**Exercise data:**
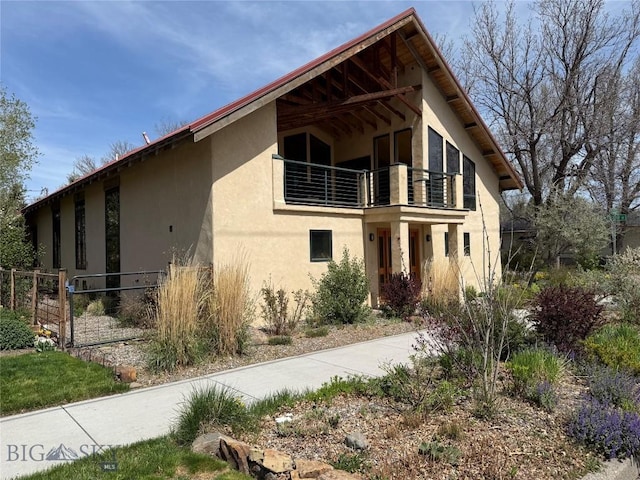 view of front of home with a balcony, stucco siding, and fence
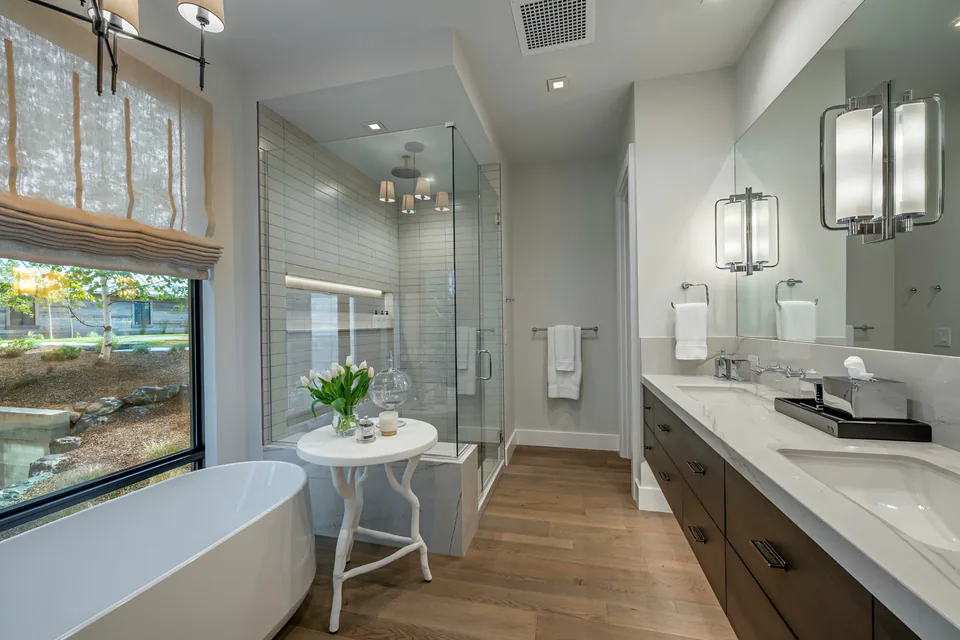 Primary bathroom at Gozzer Flats, Coeur d'Alene Lake, Idaho, interior design by Paul Lauren Designs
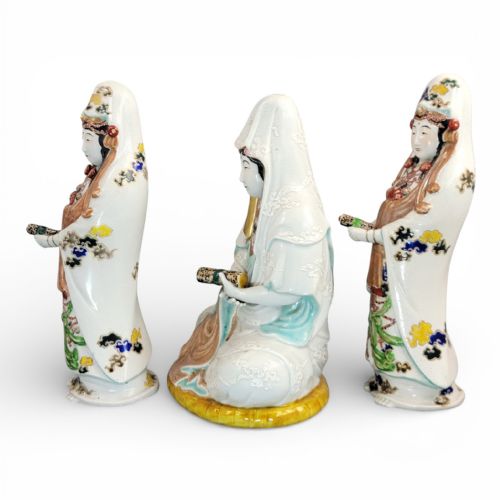 fig 1. A set of three late nineteenth-century Japanese Kutani porcelain figures depicting Kannon flanked by two standing attendants, finished in white glaze with gilded and polychrome enamelled robes.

**Exercise goal:**
Since the pictures are not part of the copy, transcribe only the remaining material, exactly.

**Reply to the task:**
 view of front of home with a balcony, stucco siding, and fence
 Primary bathroom at Gozzer Flats, Coeur d'Alene Lake, Idaho, interior design by Paul Lauren Designs
 fig 1. A set of three late nineteenth-century Japanese Kutani porcelain figures depicting Kannon flanked by two standing attendants, finished in white glaze with gilded and polychrome enamelled robes.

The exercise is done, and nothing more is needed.